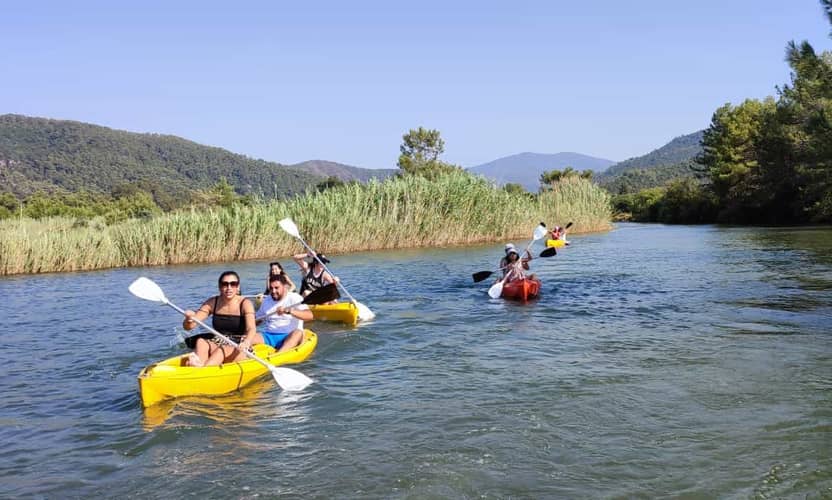 Marmaris Canoeing Tour – River Paddle & Swimming Break 2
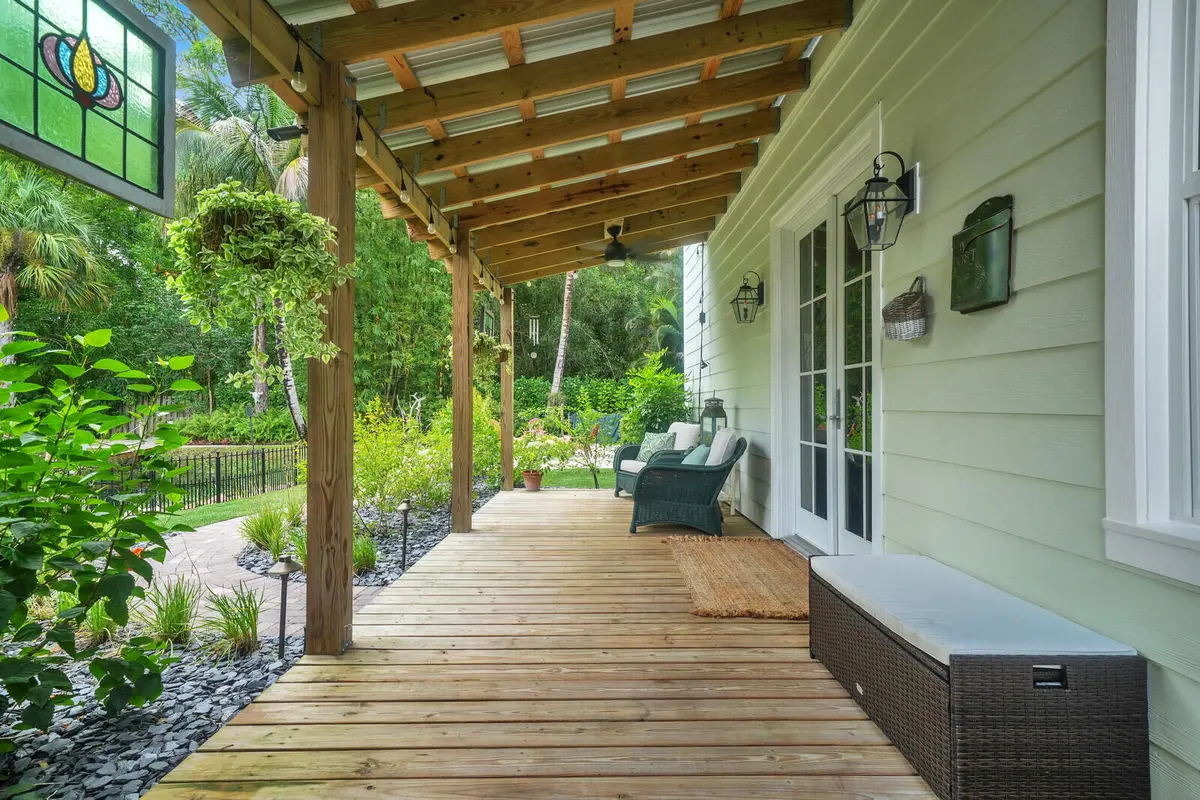 Front porch at 13432 153RD Road, Jupiter Farms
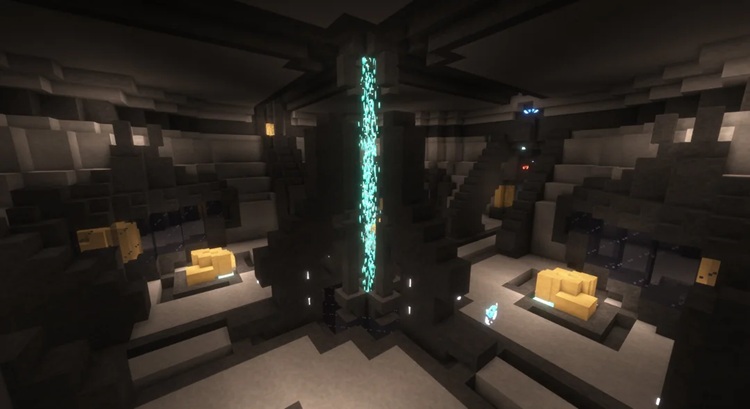 به جز بازسازی دقیق، این یکی از زیباترین سازههای ساخته شده در این بازی است!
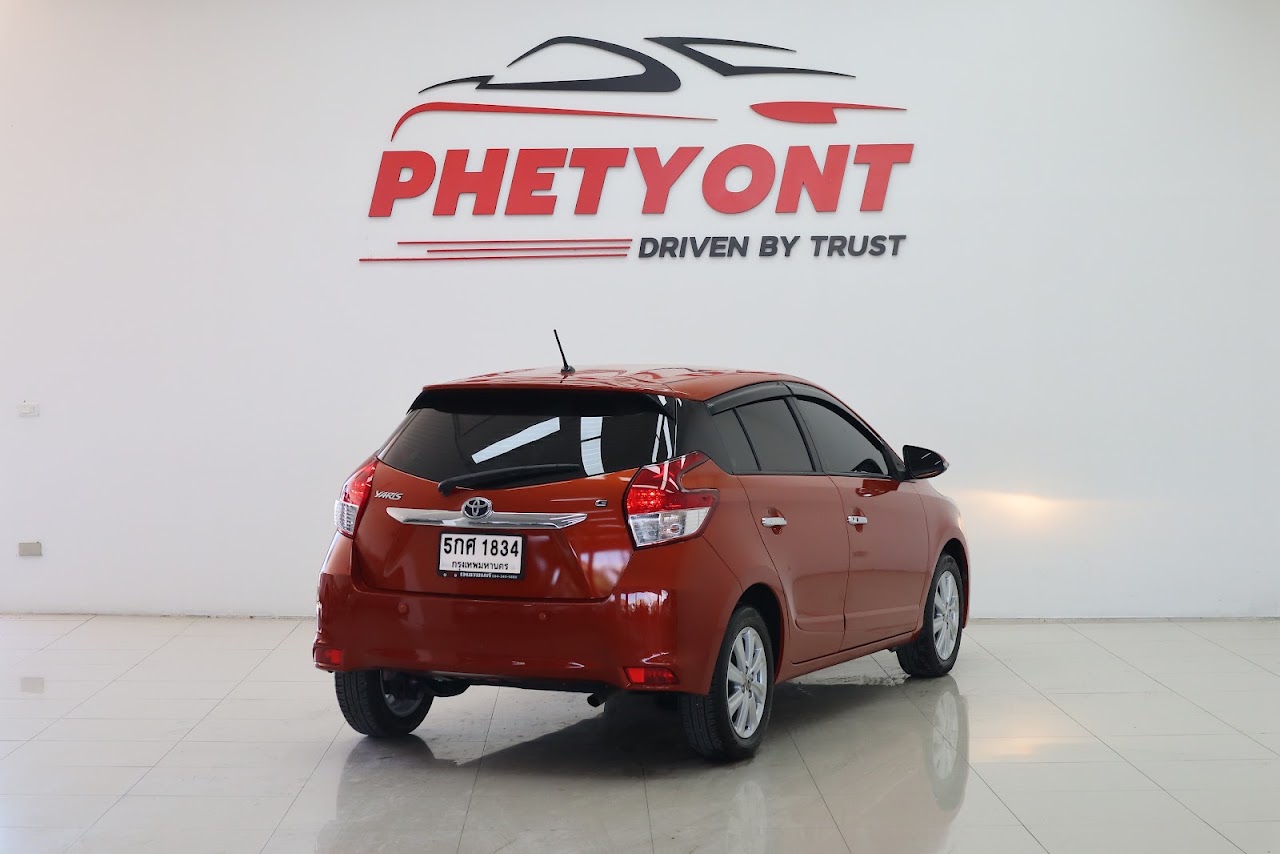 2016 Toyota Yaris 1.2G รูปที่ 8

**EXERCISE:** Keep the pictures out of your copy. Copy only the lines from the line that holds "به جز بازسازی" through the last line of the listing above, both included.

**REPLY:**
 به جز بازسازی دقیق، این یکی از زیباترین سازههای ساخته شده در این بازی است!
 2016 Toyota Yaris 1.2G รูปที่ 8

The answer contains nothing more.